Yup, I occasionally get an interesting looking article from them in my twitter/facebook feed and then always regret clicking it.
 

Gotdatmoney

Member
Oct 28, 2017
14,487
Ads are annoying and I hate being assaulted with them but the reason I started using ad block is websites who showed zero care about the ads they displayed and getting lead to sketch sites with malware and other shit. I had enough and just used ad block. I dont care about a banner or some shit. That's totally fine.
 

AlanOC91

Owner of YGOPRODeck.com
Verified
Nov 5, 2017
960
This is always a touchy subject I find. Especially since I'm usually on the receiving end of trying to figure out an optimal solution.
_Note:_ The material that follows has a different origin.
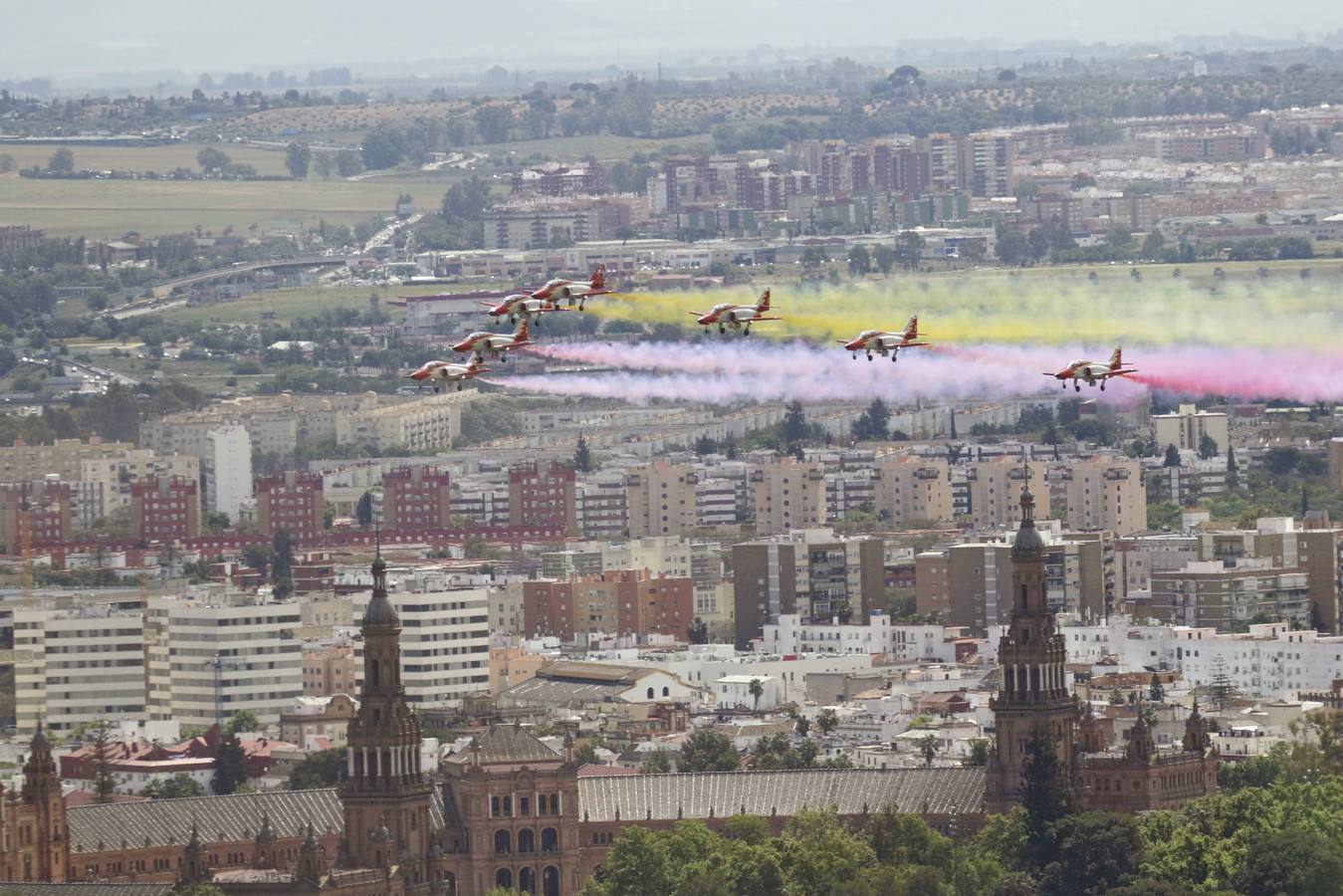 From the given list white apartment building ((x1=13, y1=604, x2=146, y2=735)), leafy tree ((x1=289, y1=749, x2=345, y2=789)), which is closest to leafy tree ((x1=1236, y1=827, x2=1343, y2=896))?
leafy tree ((x1=289, y1=749, x2=345, y2=789))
My site is run on a dedicated server. This roughly costs me around €250 per month. We provide a huge amount of services (full card database, card tooltips for developers, full API, article writers who need to be paid and more) which made this a necessity. On top of that Cloudflare, Google Cloud Storage and a few other things add about €120ish to that per month for a total of around €370 which is rather expensive.

We absolutely need ads on the site to keep the site afloat. I have heavily looked into alternative forms of revenue (dontations, patreon, etc) but none of them are quite good enough to keep the site up. I have tried my absolute hardest to not make the ads on the site annoying or intrusive (more on that with my next point). I have a very small message on the homepage if ad-blocker is detected.

2whuEJu.png


At the start of 2019, I entered an advertising partnership with Fanbyte. They have taken over the ads on the site and they are in charge of the ads (but I still have the final say at the end of the day if I choose to).

We agreed on some ads and I disagreed and denied others (video that scrolls with you in the sidebar I said "no" to).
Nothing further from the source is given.